My hope is that when we find ourselves overcome by our circumstances and aspects of existence out of our control, we will take a moment to realize that though there is little we can do about much of it, we are the master of our fate, we are the captain of our soul. If we can learn to make those difficult choices to put ourselves out there to feel and experience more pain, we might also find strength, resilience and blessings come with that pain. We might find ourself elevated through our struggle to a higher plain. My hope is we will learn in the moments to look back, to remember where we have come and the strength that has come from our continued push for life and hope. We can then look back and tell ourself, we have been here before and we have found the strength to endure and grow. Maybe if we look back too close we won't see the growth, but if we give ourselves time, we can look back and see how strong we really are. 
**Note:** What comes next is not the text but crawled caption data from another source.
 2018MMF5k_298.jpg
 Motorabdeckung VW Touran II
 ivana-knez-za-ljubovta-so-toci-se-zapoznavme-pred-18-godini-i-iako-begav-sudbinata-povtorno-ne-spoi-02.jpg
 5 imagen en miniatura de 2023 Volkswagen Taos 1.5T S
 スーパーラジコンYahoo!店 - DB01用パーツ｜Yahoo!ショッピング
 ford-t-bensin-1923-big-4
The final part of the excercise with the therapist is to take all that growth and resilience we recognize from overcoming past adversities and extrapolate that to our future. If the current self can help give hope to our past self, knowing we may still be in the struggle but aren't at rock bottom; perhaps the greatest person to help us in our current sitaution is that same self, or rather the future version of that self. If we have found the strength to get where we are currently from where we were, imagine what we can do in the future. My 25 year old self would have laughed out loud if you told him I'd have 3 kids at 38, and my 19 year old self would have just bawled with disbelief if he saw my current life. 
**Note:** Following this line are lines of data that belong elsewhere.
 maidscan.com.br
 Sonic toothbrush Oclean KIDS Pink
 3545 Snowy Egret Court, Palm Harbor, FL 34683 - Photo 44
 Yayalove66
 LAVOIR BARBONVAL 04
My hope is that I can sit in those moments when my 3 year old is playing outside and the sun is beating down on me and my current self reflects presently at the awe of where I have come to and how I got there. I give place in that moment for the 19 year old, the 25 year old and the 30 year old, but then after a moment I come back to the present filled with gratitude for what I have and where I am, not because all the pain and struggle is gone, but because I've kept going and found these moments along the way while the tempest still rages. As I come to this quiet and peaceful self-awareness, I watch my son play with his water table and start to do something my 19 year old self couldn't do, I start to imagine the life before me and what 50 year old Aaron will have to say about it all. I laugh a slight laugh, because if the last 20 years are an indicator, it will look nothing like I can imagine. There will be hard days, for sure, but I will have better tools and be armed with the past victories to aide me, and the bricks in place to see what I've since created. I also know it will be filled with joys and tender mercies. I think to myself, I've underestimated you several times, God, let's see what you and I will make of me yet in the next chapter of life.